Rien n'était « mauvais ». C'était simplement enfin visible.
De petits changements qui semblaient durables
Parce qu'elle planifiait sur le long terme, Bianca a refusé de supprimer quoi que ce soit qui lui aurait donné des regrets. Elle a gardé le vin, mais l'a réduit à trois soirs par semaine au lieu de sept. Elle n'a pas sauté les rendez-vous de dégustation — on ne peut pas préparer un menu de mariage en cure détox — mais elle les notait et mangeait plus léger avant et après. Elle visait un objectif quotidien modéré qui laissait de la place à la vraie vie, pas un objectif punitif qui garantissait une crise de gloutonnerie.
« L'application rendait les arbitrages concrets. Si je voulais le gâteau de la dégustation, je voyais exactement ce que ça coûtait et je le dépensais, tout simplement. J'avais l'impression de gérer un budget, pas d'être punie. »
Les progrès n'avaient rien de glamour : environ un demi-kilo par semaine, certaines semaines rien du tout, la courbe qui dérivait vers le bas au fil des mois. Le jour du mariage, elle avait perdu 8 kg — assez pour se sentir à l'aise dans la robe, pas assez vite pour que son corps traite ça comme une urgence.
Pourquoi les kilos ne sont pas revenus
C'est pendant la lune de miel que meurent les régimes draconiens, et Bianca a mangé et bu librement pendant la sienne. Mais elle avait passé huit mois à apprendre ce qu'une journée normale lui coûtait, si bien que revenir n'était pas un redémarrage à zéro mais un retour à une habitude.

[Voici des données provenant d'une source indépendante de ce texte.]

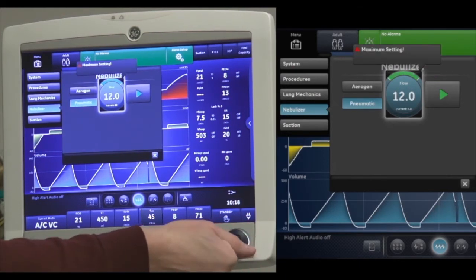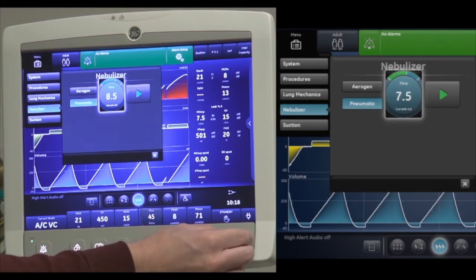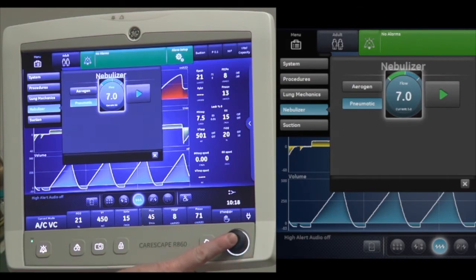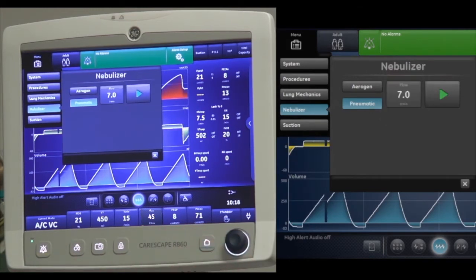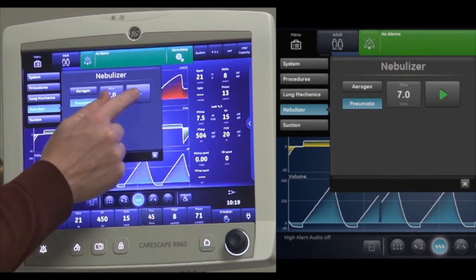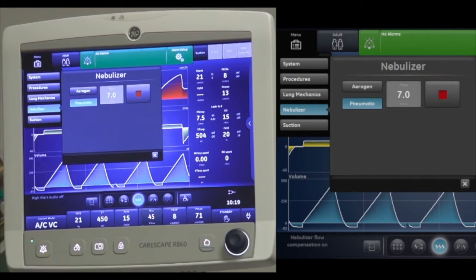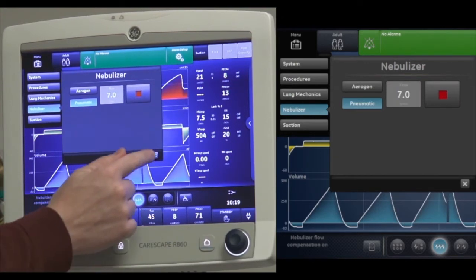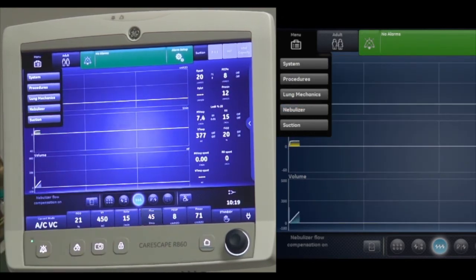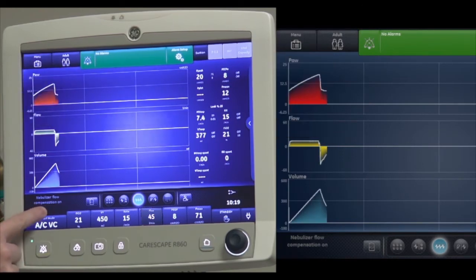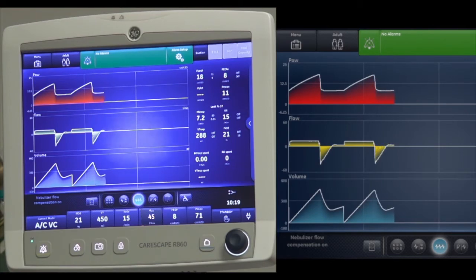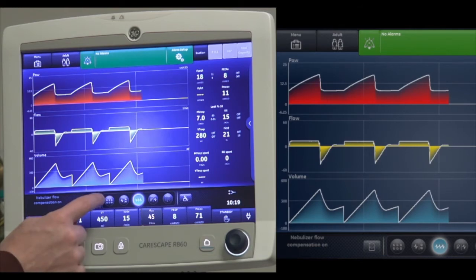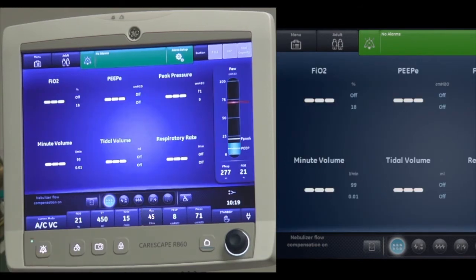For this example, I'm going to use seven liters per minute — say I have a wall source or external source of seven liters per minute. I'm going to match it and push the start button, which will compensate for the external flow. The message displayed is that nebulizer flow compensation is on in the lower left-hand corner of the display. My minute ventilation is now going to be accurate with fewer incidences of auto-triggering.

Elle s'est remise à noter, la tendance a tenu, et les deux ou trois kilos ajoutés par le voyage sont repartis en un mois.
Un an après le mariage, Bianca ne suivait aucun « régime » et n'en avait jamais suivi. Elle s'était servie de l'échéance pour bâtir ce que la plupart des échéances détruisent : une façon de manger qu'elle pouvait maintenir bien après que le jour J était passé.